In April 2017, five aviation insurance brokers announced they were being investigated by the FCA on

suspicion of sharing competitively sensitive information in the aviation insurance sector.82

FCA Director of Competition and Economics Mary Starks confirmed that the FCA had two open

cases under the Competition Act as of 24 July 2017.83 On 29 November 2017, the FCA issued a

statement of objections to four asset management firms: Artemis Investment Management LLP,

Hargreave Hale Ltd, Newton Investment Management Limited, and River & Mercantile Asset

Management LLP.84 The FCA alleges that these firms shared their plans (including intended pricing)

for one or more Initial Public Offerings (IPOs) and one other share placement when they should have

been competing for the shares. The FCA noted that this is the first case the regulator is bringing

using its competition enforcement powers.85 The FCA will make a final decision as to whether the

firms have infringed competition law after considering the firms’ responses to the statement of

objections. The FCA also recently referred investment consultancy services to the Competitions

and Markets Authority (CMA) for a full investigation, following finalisation of the FCA’s Asset

Management Market Study.86

Given that there are only a couple of open investigations, we do not expect a large number of

competition-related enforcement outcomes in the near term. However, should the FCA find any

breaches of competition law, the penalties could be substantial—as much as 10% of a company’s

worldwide turnover.87

In the sections that follow, we highlight some additional considerations with regards to the outlook

for fines against firms and individuals, respectively.

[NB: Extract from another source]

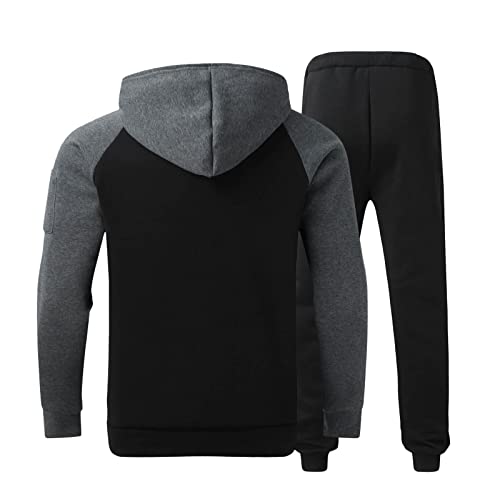 riou Chandal Hombre Completo Invierno, Costura Cremallera Ropa de Deportivo Color Sólido Sudadera con Capucha y Pantalón Bolsillos 2 Piezas Abrigo Chaqueta Hoodie Jersey Talla Grande Correr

Outlook for Fines Against Firms

While fine activity against firms appears to have recently picked up in intensity after the six months

ending 30 September 2017 (during which time there were no such fines), we may not see a return

to what Mr Steward recently referred to as the “halcyon years”88 (for example, 2014/15, where fines

against firms exceeded £1.4 billion). Many of these fines were agreed upon by firms at an early stage

to close the investigation, with no associated enforcement action taken against senior managers.

In a January 2017 speech, Mr Steward explained that implementation of the Senior Managers and

Certification Regime (SM&CR) is creating a “different dynamic” that may have implications for the

level of fines against firms.89 In particular, he noted that now that the SM&CR is in place, “firms may

well be reluctant to spend such high sums to resolve investigations where those resolutions do not

also resolve cases against senior managers who may also be in our cross-hairs”.90

Also, as previously noted, the FCA has expressed its willingness to use the full range of its powers

against firms, using means other than fines where considered appropriate.91 The FCA has pointed to

its action against Tesco for market abuse—i.e., requiring a redress scheme while not imposing any

fine beyond that already imposed by the SFO—as an example of such a situation. It remains to be

seen how these developments will affect the level of fine activity against firms going forward.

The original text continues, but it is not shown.